“Mejor dirigirse a hombres de genio sin fe que a creyentes sin talento”. Esta frase recoge en sí misma todo el pensamiento del sacerdote Marie-Alain Couturier.
Nacido en 1897 en Montbrison (Loire), este hombre de fe volcado en el arte hizo, en vísperas de la Segunda Guerra Mundial, una constatación alarmante.
El arte cristiano se encontraba, según él, en un estado deplorable y reflejaba el espíritu general de la Iglesia católica, en vías de perderse.
Si los siglos pasados habían sabido ofrecer lo mejor para la gloria de Dios, existe la obligación de constatar que la Iglesia ha relegado las cuestiones estéticas a un segundo plano o se dirige a artistas mediocres.
Fortalecido por esta observación, el sacerdote Couturier quiso devolver al espacio de culto su importancia, reconciliando de una vez por todas al genio artístico contemporáneo con el arte cristiano, en la voluntad de volver a estrechar los lazos con la belleza.
Pero ¿cómo iniciar a los fieles y al clero en el arte contemporáneo? La revista L’art Sacré, lanzada en 1935 por Raymond Pichard, fue el punto de partida de esta gran aventura artística.

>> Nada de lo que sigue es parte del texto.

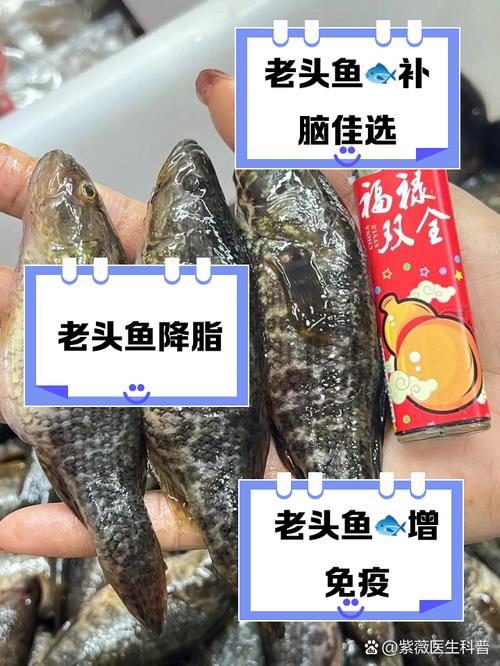 哈尔滨老头鱼养殖技术有哪些关键要点？-图3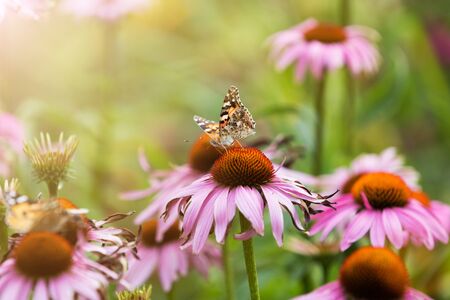 Butterfly pollinating wildflowers in the summer meadowの写真素材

Retomada en 1937 por el sacerdote Couturier y su hermano dominicano, el sacerdote Régamey, la revista ofreció espacio al arte profano para formar al clero y a los fieles en las obras maestras del tiempo.

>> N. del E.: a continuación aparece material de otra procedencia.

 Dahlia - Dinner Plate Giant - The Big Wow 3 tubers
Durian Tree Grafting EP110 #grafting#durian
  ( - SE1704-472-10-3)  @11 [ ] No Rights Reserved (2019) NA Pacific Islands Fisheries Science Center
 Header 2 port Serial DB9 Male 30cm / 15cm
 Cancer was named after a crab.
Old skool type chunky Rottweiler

Un encuentro decisivo consolidó la intuición: entre el 1940 y el 1945, el sacerdote Couturier viajó por Estados Unidos y se encontró con grandes artistas como Chagall y Dalí.
Sin embargo, su encuentro más bello, que desembocaría en una extraordinaria amistad, fue precisamente con Fernand Léger.
El dominicano fue subyugado por su talento como artista y por la fuerza espiritual que emanaba de sus obras.
Él comprendió entonces que la pintura -tanto figurativa como abstracta- puede llevar dentro de sí una fuerza espiritual casi religiosa.
Léger, quien también estaba entusiasmado por el encuentro con Couturier, estaba listo para seguirlo a París para trabajar con él.
El contexto, además, era propicio: después de la guerra, Francia que padeció numerosos daños, necesitaba nuevas iglesias.
El primer proyecto importante que hubiera hecho creíble la obra de Alain Couturier hubiera sido la iglesia de Notre-Dame-de-Toute-Grâce en el altiplano de Assy.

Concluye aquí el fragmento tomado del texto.